When I was pregnant with my first, at a baby shower, a woman told me her best advice was to “push as hard as you possibly can.” I was annoyed but couldn’t say why. Over the past few years and births, I’ve learned why. Michel Odent pointed the way.

Dr Odent is a French Obstetrician well known for his research about how we are born and the period of time just before and after—referred to as “the primal period.” Scientists like Odent are suggesting that what happens in utero, at birth, and in the first months of life matters more than we ever knew in determining what a person will be like.

Let’s look at birth. The way our babies are born and the way they and we experience birth should be as close to as nature intended as possible. It should be primal. Primal birth means letting your body birth simply, physiologically. It means, as Ina May says, “letting your monkey do it.”

Your own mind gets in the way.

To birth easily and quickly, like a monkey, you have to turn off the human, thinking part of your brain–the neo-cortex. We are the only animal with such huge neo-cortexes. We’re pretty smart.

The problem is the neo-cortex inhibits physiological actions. It’s great for building, solving, creating, and communicating. But when you are thinking–when your neo-cortex is in control–you don’t release the right hormones for sex, birth, and breastfeeding. Your body can’t relax. Birth is harder and longer and, arguably, more dangerous.

When you give up neo-cortical control and let your hormones birth your baby, your body feels better. Your baby comes faster, easier, safer, and very often, without pushing.

You don’t have to push.

Pushing, you add about sixty times the force of your uterus. Since we know that women in comas have given birth, we know voluntary pushing isn’t always necessary. The fetus ejection reflex, which is a lot sexier than it sounds, happens when everything has fallen into place. Birthing privately, oxytocin flowing freely, with a baby in the right position, many women won’t need to push at all.
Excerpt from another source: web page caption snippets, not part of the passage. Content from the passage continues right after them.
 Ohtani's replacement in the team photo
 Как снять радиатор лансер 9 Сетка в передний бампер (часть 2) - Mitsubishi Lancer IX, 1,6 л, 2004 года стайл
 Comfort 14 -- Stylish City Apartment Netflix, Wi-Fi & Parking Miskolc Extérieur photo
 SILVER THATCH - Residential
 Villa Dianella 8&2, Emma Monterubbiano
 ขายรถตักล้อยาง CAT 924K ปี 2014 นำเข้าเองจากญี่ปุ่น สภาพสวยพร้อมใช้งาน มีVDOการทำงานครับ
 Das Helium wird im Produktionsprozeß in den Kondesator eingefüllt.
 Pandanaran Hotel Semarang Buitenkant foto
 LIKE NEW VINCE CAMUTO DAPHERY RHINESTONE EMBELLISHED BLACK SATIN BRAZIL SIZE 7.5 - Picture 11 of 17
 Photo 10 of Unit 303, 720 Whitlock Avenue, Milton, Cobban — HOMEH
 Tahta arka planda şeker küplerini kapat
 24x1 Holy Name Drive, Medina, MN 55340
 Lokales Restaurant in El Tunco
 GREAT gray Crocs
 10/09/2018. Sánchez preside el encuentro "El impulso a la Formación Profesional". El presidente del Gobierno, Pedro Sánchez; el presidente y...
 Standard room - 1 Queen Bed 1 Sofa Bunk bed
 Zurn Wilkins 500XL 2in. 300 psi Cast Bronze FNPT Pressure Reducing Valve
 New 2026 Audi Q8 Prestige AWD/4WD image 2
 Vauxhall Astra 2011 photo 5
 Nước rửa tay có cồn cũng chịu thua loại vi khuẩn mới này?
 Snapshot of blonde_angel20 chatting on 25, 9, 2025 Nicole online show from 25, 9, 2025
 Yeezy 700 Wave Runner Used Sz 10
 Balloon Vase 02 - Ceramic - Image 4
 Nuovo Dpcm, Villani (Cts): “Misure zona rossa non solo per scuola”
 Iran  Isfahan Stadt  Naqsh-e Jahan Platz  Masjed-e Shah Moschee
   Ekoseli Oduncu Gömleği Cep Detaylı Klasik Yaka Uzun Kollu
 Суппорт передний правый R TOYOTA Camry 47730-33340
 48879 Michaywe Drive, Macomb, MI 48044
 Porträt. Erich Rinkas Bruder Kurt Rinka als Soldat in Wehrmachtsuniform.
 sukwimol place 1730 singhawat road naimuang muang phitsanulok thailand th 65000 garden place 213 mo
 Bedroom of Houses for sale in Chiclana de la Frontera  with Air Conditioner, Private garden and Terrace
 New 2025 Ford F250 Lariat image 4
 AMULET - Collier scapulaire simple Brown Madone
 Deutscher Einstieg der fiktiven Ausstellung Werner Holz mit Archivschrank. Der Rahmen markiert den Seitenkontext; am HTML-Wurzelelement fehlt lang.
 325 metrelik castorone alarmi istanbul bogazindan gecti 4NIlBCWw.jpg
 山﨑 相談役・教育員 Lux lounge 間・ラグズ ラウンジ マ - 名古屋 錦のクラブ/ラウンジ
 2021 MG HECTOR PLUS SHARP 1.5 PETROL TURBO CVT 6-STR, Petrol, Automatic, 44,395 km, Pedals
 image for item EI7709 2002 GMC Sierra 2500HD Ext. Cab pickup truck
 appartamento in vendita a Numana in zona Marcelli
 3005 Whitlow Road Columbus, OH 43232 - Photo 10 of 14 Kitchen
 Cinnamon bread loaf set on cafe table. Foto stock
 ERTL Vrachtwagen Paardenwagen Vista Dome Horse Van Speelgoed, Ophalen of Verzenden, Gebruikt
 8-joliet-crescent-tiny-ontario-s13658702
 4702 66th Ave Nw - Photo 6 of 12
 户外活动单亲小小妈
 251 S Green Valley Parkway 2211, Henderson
This means safer births. With a breech baby, for example, the vast majority of the risk of vaginal birth is in the pushing. If you let your body do it, Dr Odent argues, you remove that risk. There is no forced pushing of the baby; there is only fetus ejection reflex.

Fetus ejection reflex is rare in all modern human cultures. What keeps us from getting there? Our neo-cortex.

If you want a delicious vegan feast, you don’t go to a steakhouse. It’s not fair. That’s not what they do there. Could they possibly whip you up something? It’s certainly possible, but it’s expecting a lot. And it’s not going to be the best food you’ve had.

You need privacy and safety.

It’s like sex. You have to turn off your brain first in order to enjoy it. You have to be making the right hormones and the right brain waves to get into it. You can’t orgasm if you’re full of adrenaline and cortisol, producing lightning fast beta waves. You can’t birth, either.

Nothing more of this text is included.